Zwei weitere Forschungsvorhaben in Österreich und Spanien fokussieren die Möglichkeiten des SDC-Standards, KI Anwendungen zu unterstützen. An der Medizinischen Universität Wien entwickelt und validiert eine Forschergruppe funktionale Algorithmen, die den Zustand von Intensivpatienten in Echtzeit analysieren und PICS (Post Intensive Care Syndrom)-Indikatoren in einem Frühstadium erkennen können. Das Früherkennungs-Tool soll Ärzte mit Empfehlungen und Vorhersagen dabei unterstützen, Therapieentscheidungen besser und früher treffen zu können. Am Hospital Clínic Barcelona und der Universitat Politècnica de Catalunya, Barcelona steht die Analyse der Herz-Lungen-Interaktion im Mittelpunkt. In diesem Kooperationsprojekt werden Algorithmen entwickelt und klinisch validiert, mit denen negative Gesundheitsentwicklungen und bestimmte Syndrome früh erkannt und angezeigt werden.

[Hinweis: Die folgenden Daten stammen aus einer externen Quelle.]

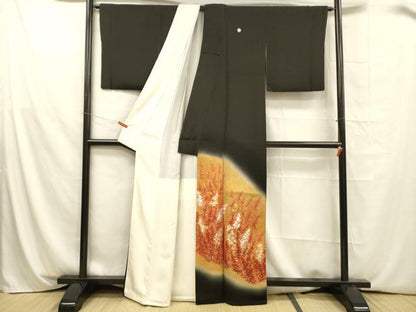 平和屋着物■豪華黒留袖　手描き　総刺繍　樹林文　暈し染め　金彩　正絹　逸品　DABA0848cm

SDC-Standard etabliert sich im klinischen Alltag
Medizinische Geräte und Krankenhaus-IT müssen in einer offenen, sicheren Netzinfrastruktur klinische Daten empfangen oder senden können, unabhängig vom Hersteller. Dies ermöglicht die von der Non-Profit-Organisation OR.NET entwickelte SDC-Infrastruktur, die kompatibel ist zum weit verbreiteten Klinikstandard HL7. „Dräger engagiert sich für die Verbesserung der Akutversorgung durch Technologien und Dienstleistungen, die zur Therapieunterstützung und Krankenhausautomatisierung beitragen. Dafür investieren wir in die Innovation digitaler Systemlösungen und klinischer IT-Infrastrukturen und haben uns mit viel Engagement in die Entwicklung des SDC-Standards eingebracht. Umso mehr freut es mich, dass die EU dieses Engagement unterstützt. Dies fördert die digitale Transformation in der Medizintechnik und bestätigt Europa als führenden Innovationsstandort in diesem Sektor“, sagt Toni Schrofner, Chief Officer Medical Division bei Dräger.